- Lasuri Location in Punjab, India Lasuri Lasuri (India)
- Coordinates: 31°02′40″N 75°42′46″E﻿ / ﻿31.0444409°N 75.7127738°E
- Country: India
- State: Punjab
- District: Jalandhar
- Tehsil: Shahkot

Government
- • Type: Panchayat raj
- • Body: Gram panchayat
- Elevation: 220 m (720 ft)

Population (2011)
- • Total: 1,243
- Sex ratio 614/629 ♂/♀

Languages
- • Official: Punjabi
- Time zone: UTC+5:30 (IST)
- Website: jalandhar.nic.in

= Lasuri =

Lasuri is a village in Shahkot in Jalandhar district of Punjab State, India. It is located 7 km from Shahkot, and 52 km from the district headquarters of Jalandhar. The village is administered by a sarpanch who is an elected representative of village as per Panchayati raj (India).

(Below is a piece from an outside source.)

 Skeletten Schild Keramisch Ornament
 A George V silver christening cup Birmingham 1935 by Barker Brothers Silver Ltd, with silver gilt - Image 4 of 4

The local language of Lasuri is Punjabi, the village population is 1243 in 240 houses. 50.6% of the population is female. The village literacy rate is 71.1%, and the female literacy rate is 33.3%.

== Population ==

| Census parameter | Census data |
|---|---|
| Total population | 1243 |
| Total number of houses | 240 |
| Female population % | 50.6 % (629) |
| Total literacy rate % | 71.1 % (884) |
| Female literacy rate | 33.3 % (414) |
| Scheduled tribes population % | 0.0 % (0) |
| Scheduled caste population % | 35.5 % (441) |
| Working population % | 35.2 % |
| Child (0 -6) population by 2011 | 119 |
| Girl child (0 -6) population % by 2011 | 43.7 % (52) |

== Transport ==
Sindhar station is the nearest train station. The village is 69 km away from the domestic airport in Ludhiana, and the nearest international airport is 87 km away in Amritsar.